Task requirements: Could the entries below be transcribed word for word, with the pictures omitted?

Data supplied:
----

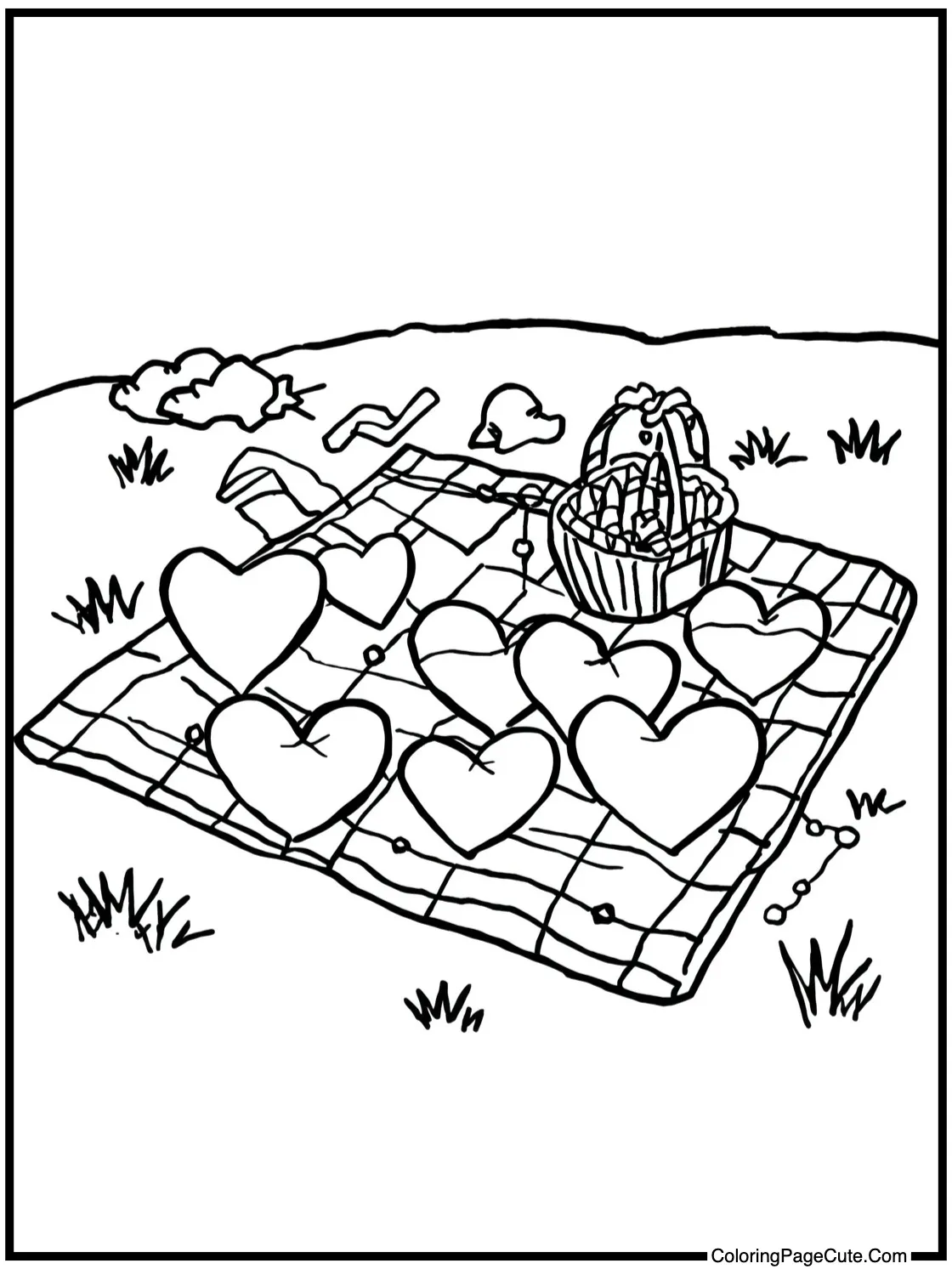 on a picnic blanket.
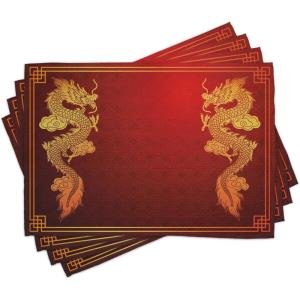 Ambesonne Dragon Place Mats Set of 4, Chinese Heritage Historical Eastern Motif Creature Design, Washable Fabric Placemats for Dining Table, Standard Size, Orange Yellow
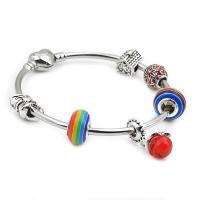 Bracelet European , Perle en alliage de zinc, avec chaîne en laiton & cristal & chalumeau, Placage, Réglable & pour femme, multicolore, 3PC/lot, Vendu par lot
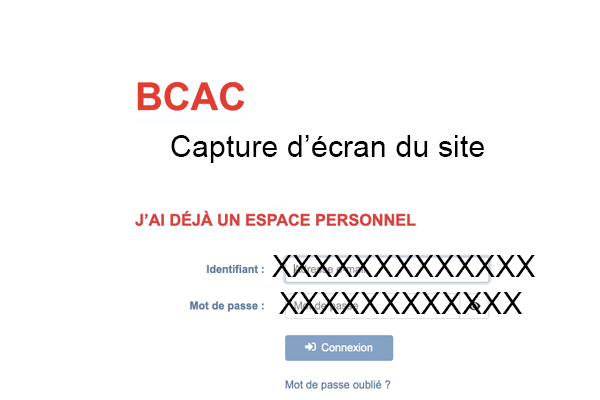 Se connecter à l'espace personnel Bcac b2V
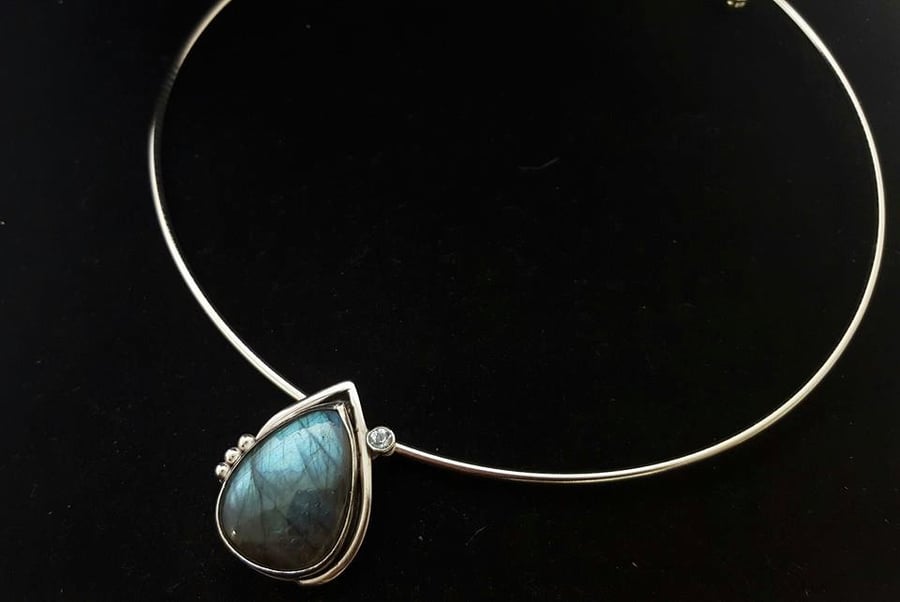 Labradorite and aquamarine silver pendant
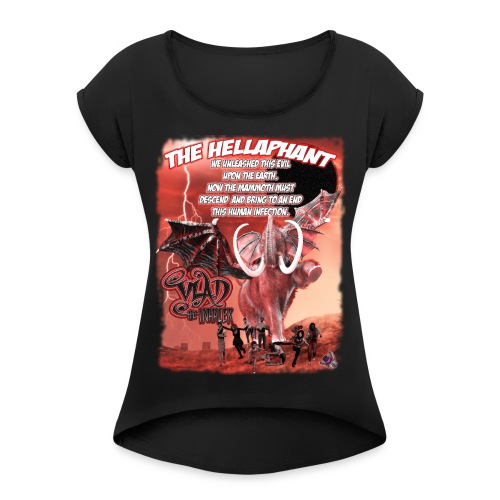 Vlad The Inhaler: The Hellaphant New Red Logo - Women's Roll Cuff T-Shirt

----

Expected output:
 on a picnic blanket.
 Ambesonne Dragon Place Mats Set of 4, Chinese Heritage Historical Eastern Motif Creature Design, Washable Fabric Placemats for Dining Table, Standard Size, Orange Yellow
 Bracelet European , Perle en alliage de zinc, avec chaîne en laiton & cristal & chalumeau, Placage, Réglable & pour femme, multicolore, 3PC/lot, Vendu par lot
 Se connecter à l'espace personnel Bcac b2V
 Labradorite and aquamarine silver pendant
 Vlad The Inhaler: The Hellaphant New Red Logo - Women's Roll Cuff T-Shirt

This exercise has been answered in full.